Outside of “watch out for the dog poop” everything I say is superfluous.  I’ve come to think that the person who says nothing has it right.  I won’t say:  ‘the person who says nothing speaks volumes’ -  the type of sound byte that passes as thinking.  Some people who say nothing are lazy, bored or dumb.   My advice?  Try to say nothing, hit the “like” button with discretion and perfect a distracted air.  Thank you and good night.

Wednesday, May 8, 2013

The convoluted mystique of Whole Foods and its ilk


What do you think when I say Whole Foods
Of all the veggie joints, in all the towns, in all the world, she walks into mine.
Who says that?
John Mackey, the CEO
No, he doesn’t.
Maybe not but he could.  He’s that cool.  It’s capitalism with a mission.
Some say Whole Food, Whole Paycheck.
I don’t care.
Waldbaum’s probably carries much the same stuff
Sure if you want to feel like a schlumpetty dumpetty.
And Whole Foods?
Nervously excited.
In Brandwashed, Martin Lindstrom says retail stores like Whole Foods neuromarket you.
What’s that?
It’s like when you prime a pump by giving the lever a few yanks until the water gushes up?
What’s a pump?   Just messing with you.  You were saying?
Upscale retailers prime us with imagery until our money gushes out.
Grow up, sailor.  Neuromarketing began in the womb.
How do you feel when you see the fruit displayed in a crate at Whole Foods?
That Farmer Brown just took it off his truck.
How do you feel when you see prices scribbled on a piece of chalkboard?
That I’m in a French outdoor market.
Lindstrom says all of that is staged.
So?  Everything is staged.  Don’t you watch HG TV?
Wouldn't you call it misleading?
I would call it psychic income.  The New Yorker called John Mackey a Food Fighter and you know what he is fighting?  Big Agra.  Horrid tomatoes and peaches, the same dreary rice pudding in the deli counter, acres of unnaturally red meat.  They could do with a little staging.
How do you feel when you see packaged food at Waldbaum's?
That bad men are trying to kill me.

Thursday, May 2, 2013

Imagine there's no 'master'


Now and again we get news of what the homebuilders association has in store for us going forward.  One of the archaic designations from the past is something called “the master bedroom.”  They aren’t going to call it that anymore.  I wonder why?  Instead of getting all snarky and feminist, let’s examine why they might have called it that in the first place.  Apparently it had nothing to do with slavery, a period we most closely associate with a ‘master.’   Everyone’s best guess is that it came into being around 1925 and it was a flattery ploy used by developers to get the man to buy the house.  Today they might flatter him with a man cave.  I don’t know why men are portrayed as such easy targets for the shallowest marketing trick.  Do you know?
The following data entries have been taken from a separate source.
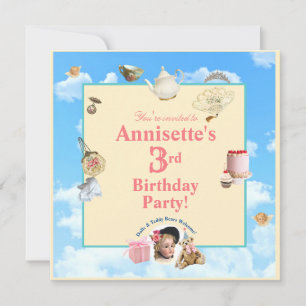 Dolly Tea Party Anniversaire Invitation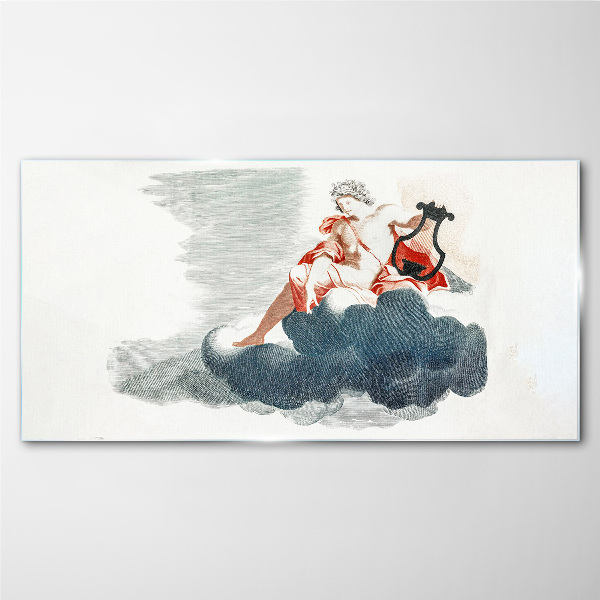 Musical Muse in the Clouds Wall art on glass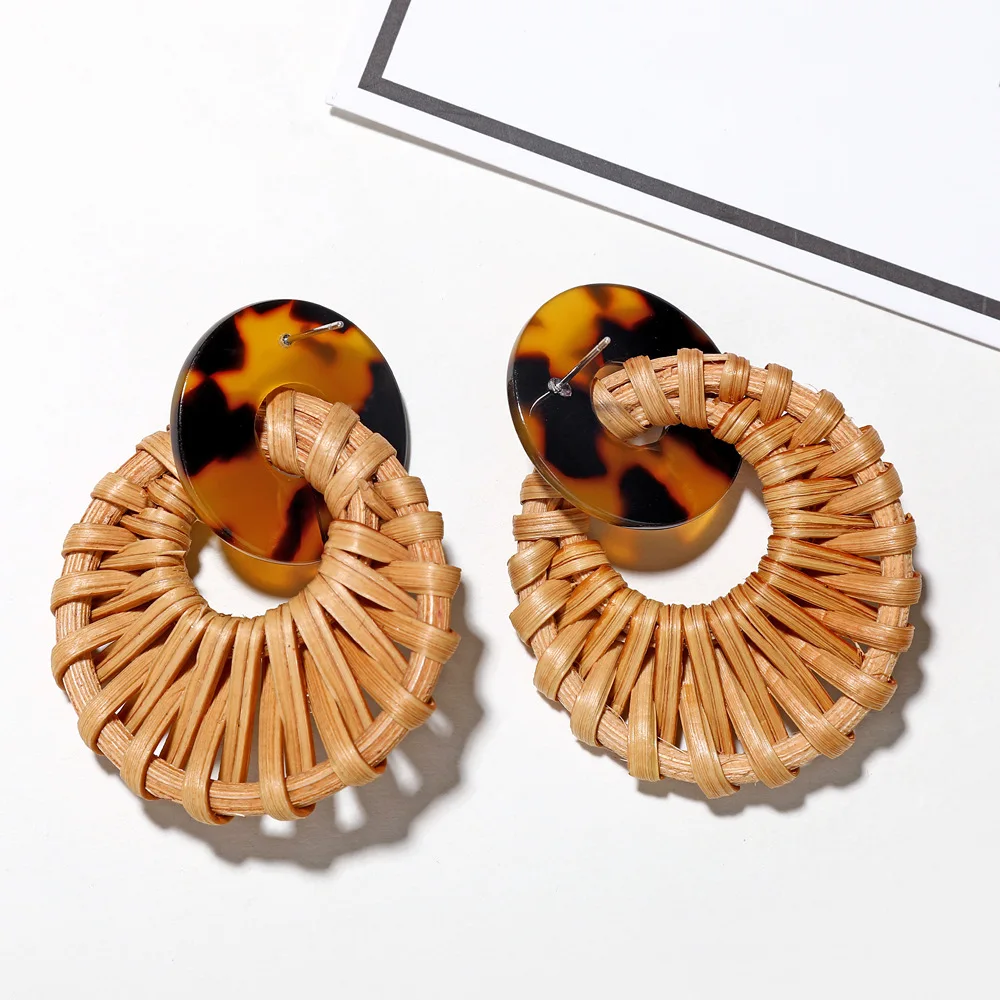 Леопардовый цвет акриловый ацетатные серьги в форме черепахи геометрические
(This might be a ploy to trick women.  Developers would call it the hyena bedroom if they thought it would instill a yen in man/or woman to overlook the cheap building shortcuts and get us to buy their houses.)

I want to say good-bye to the master bedroom in the same way I said good-bye to the kitchen.  In song and to the tune of “Imagine” (with apologies to John Lennon.)

Imagine there’s no ‘master’
No hierarchy left.
No chores with his and hers signs
Who’s going to feel bereft?
Imagine there’s no fencing
To designate who’s up
To deal with crying toddlers
Who want the yellow cup.
Imagine there’s no bedroom
Named to enthrone the man
It's just too weird and senseless
In today's enlightened plan

You may say this is crazy
The womb will always break the deal
As long as women bear the children
The level field will not be real

(I didn't want this to end this way.  It was supposed to be funny and I do feel the field is getting leveler.)